* **Working data**:
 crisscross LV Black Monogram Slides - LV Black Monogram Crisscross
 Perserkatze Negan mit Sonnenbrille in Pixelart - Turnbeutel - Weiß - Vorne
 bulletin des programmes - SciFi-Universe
==
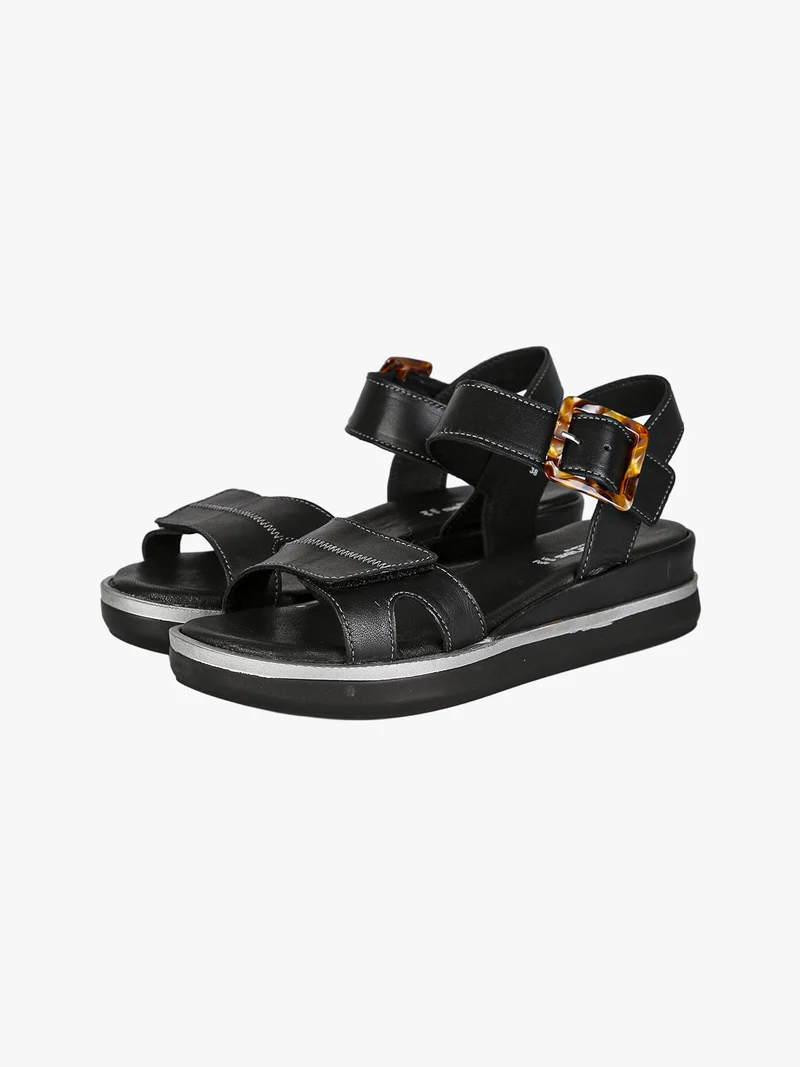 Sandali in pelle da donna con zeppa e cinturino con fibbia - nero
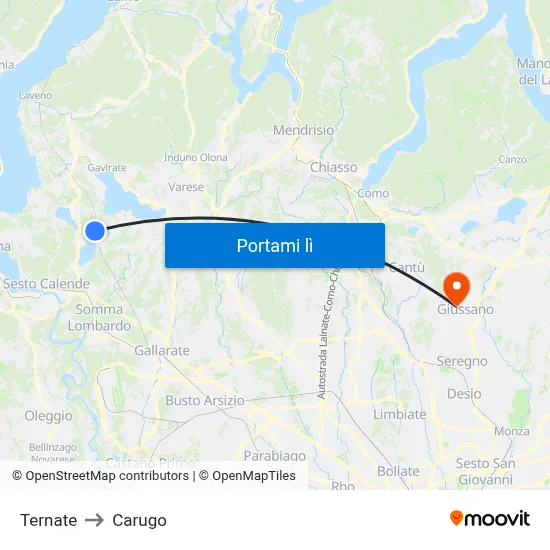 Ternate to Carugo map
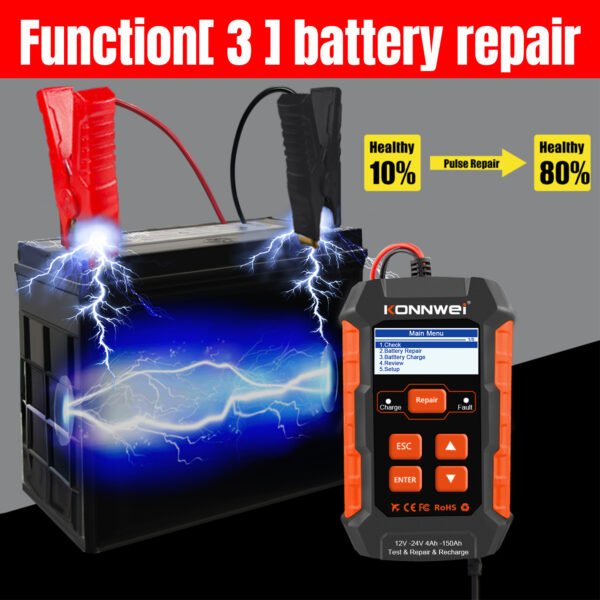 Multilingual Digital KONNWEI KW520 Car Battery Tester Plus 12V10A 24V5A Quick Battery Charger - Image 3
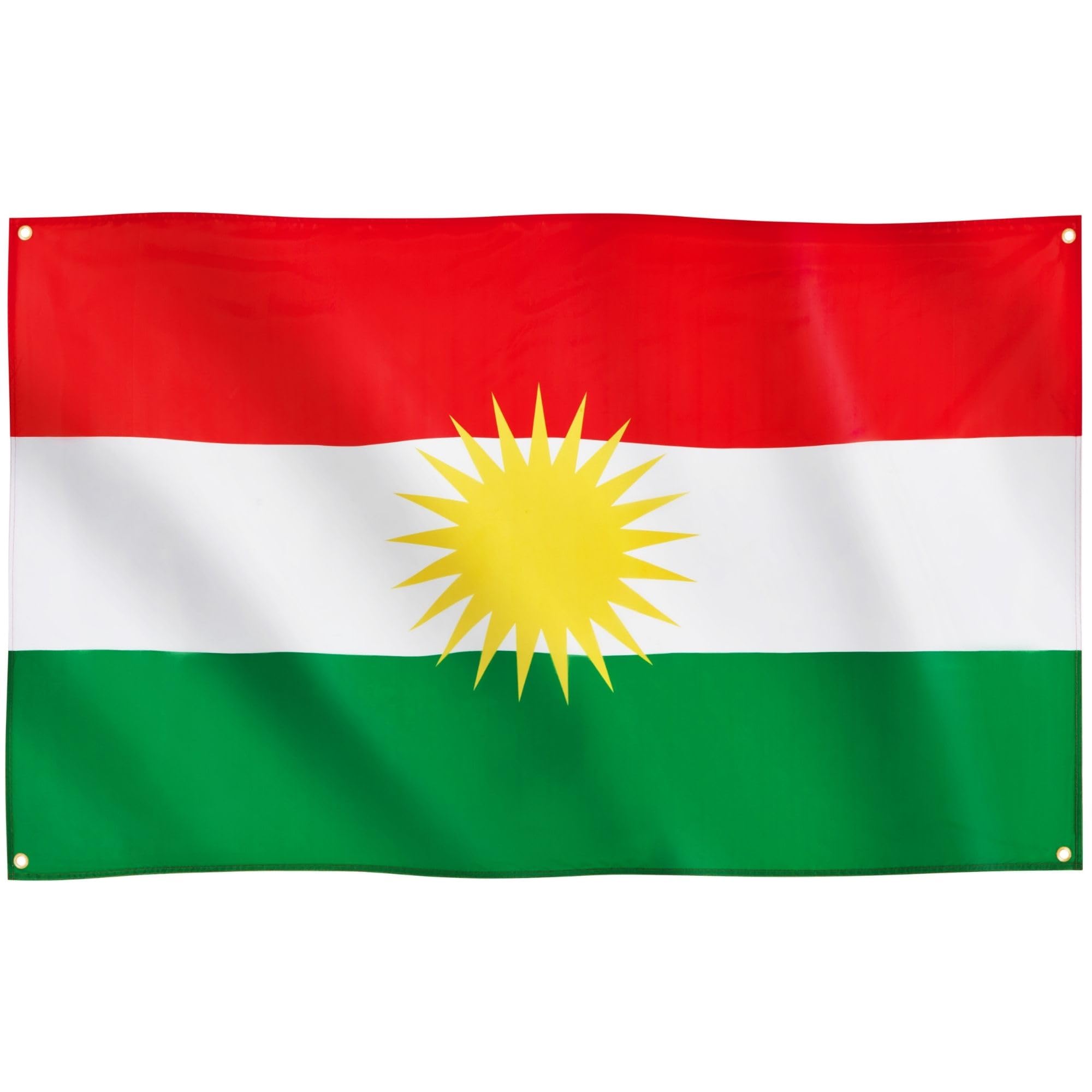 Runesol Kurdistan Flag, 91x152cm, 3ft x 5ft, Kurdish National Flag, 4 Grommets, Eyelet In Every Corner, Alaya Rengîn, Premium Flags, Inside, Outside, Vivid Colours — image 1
--
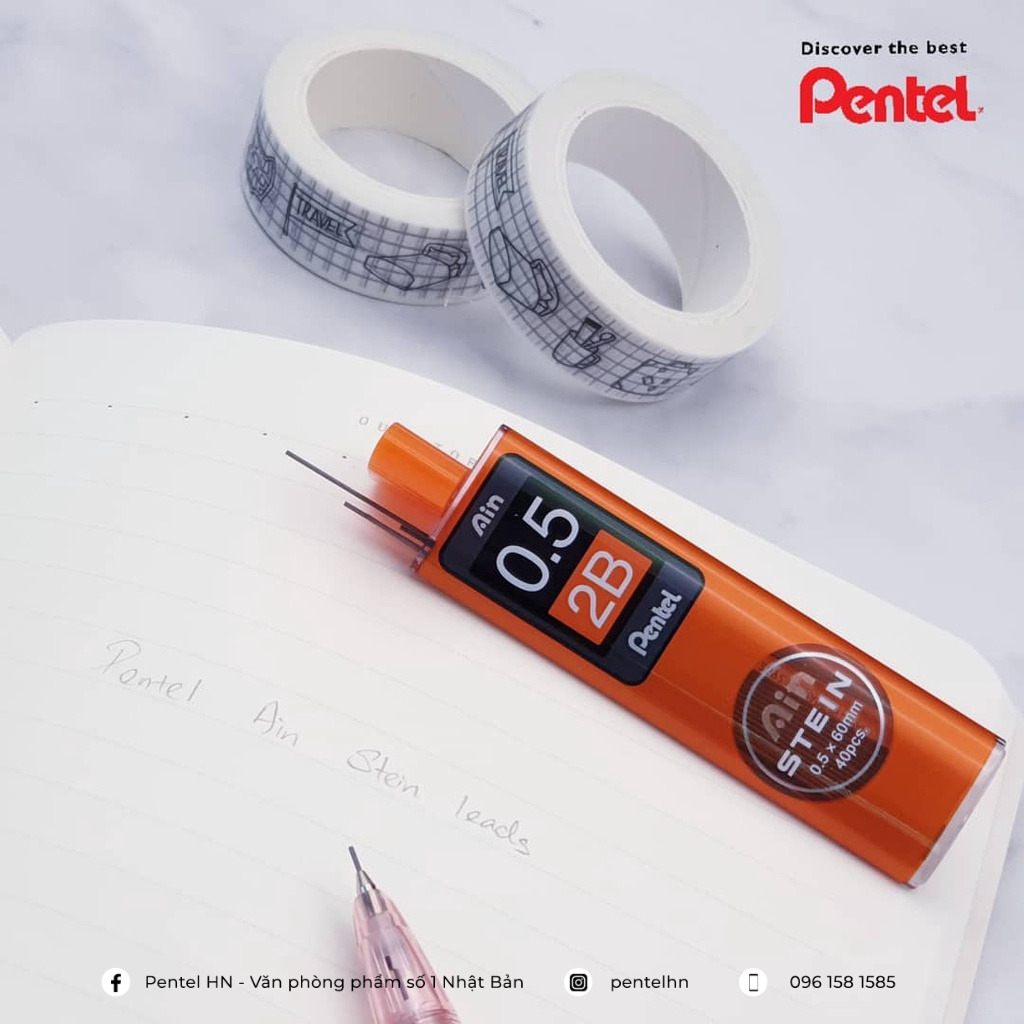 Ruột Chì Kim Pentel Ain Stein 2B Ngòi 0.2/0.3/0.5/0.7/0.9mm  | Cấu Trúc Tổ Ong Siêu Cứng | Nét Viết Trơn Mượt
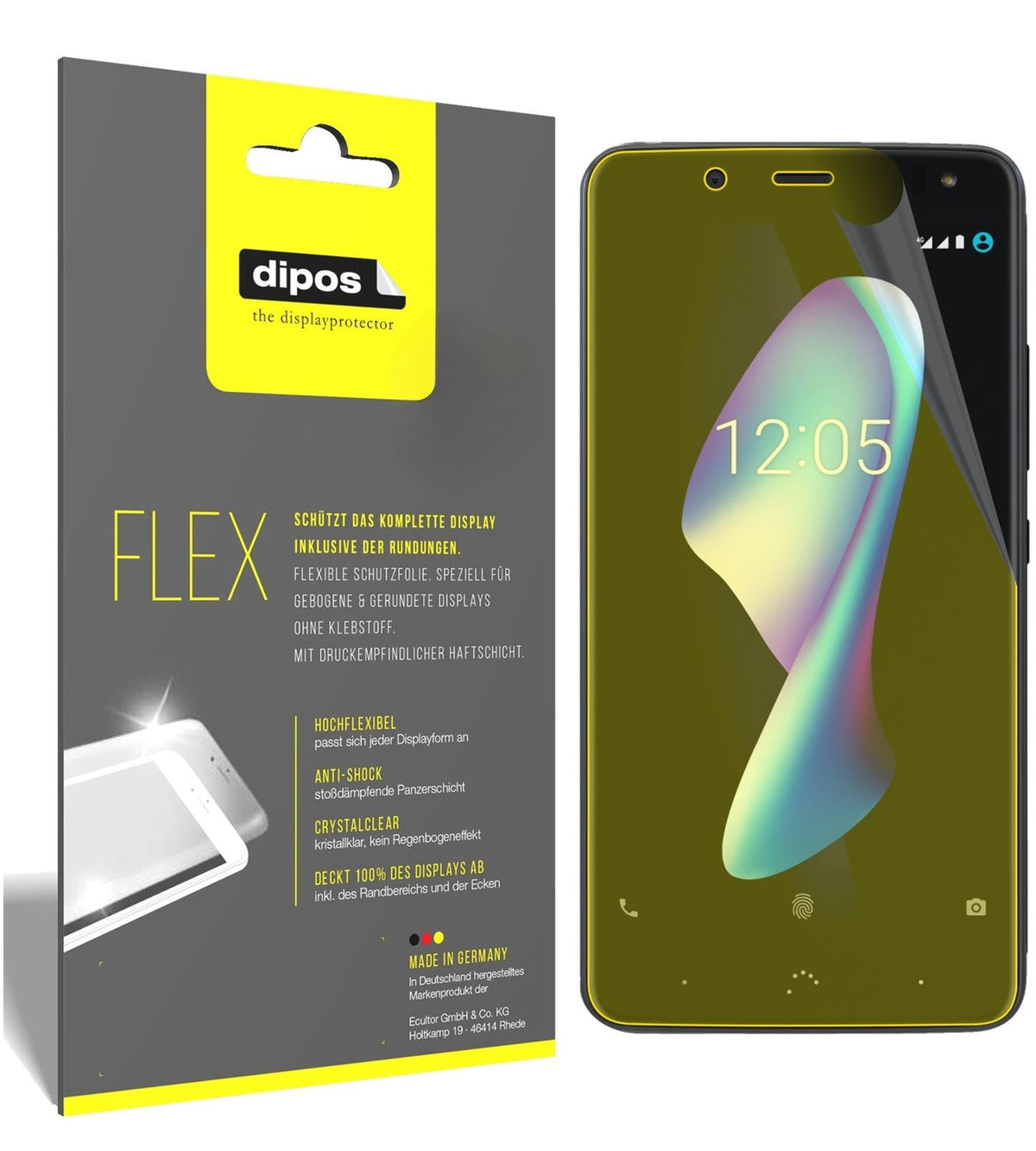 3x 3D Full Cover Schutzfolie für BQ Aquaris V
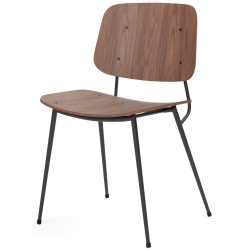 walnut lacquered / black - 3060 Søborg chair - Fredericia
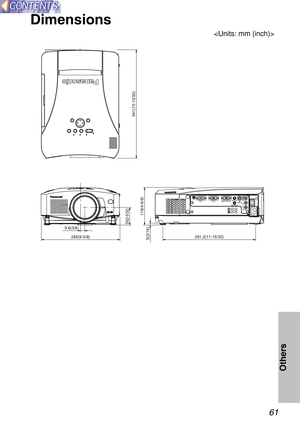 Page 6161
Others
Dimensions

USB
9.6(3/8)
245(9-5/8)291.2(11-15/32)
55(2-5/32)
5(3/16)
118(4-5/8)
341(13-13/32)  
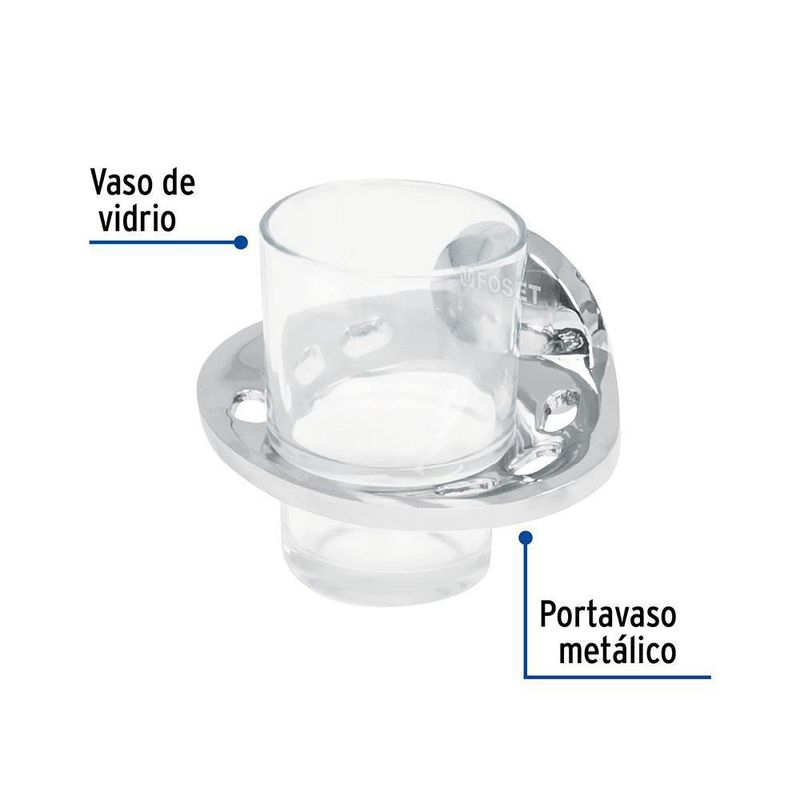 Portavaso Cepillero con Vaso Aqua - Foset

* **Work order**: Range to copy from the listing above: the line with "341(13-13/32)" through the line with "Portavaso Cepillero con Vaso Aqua - Foset". Transcribe it exactly and skip the pictures.

* **Solved problem**:
341(13-13/32)  
 Portavaso Cepillero con Vaso Aqua - Foset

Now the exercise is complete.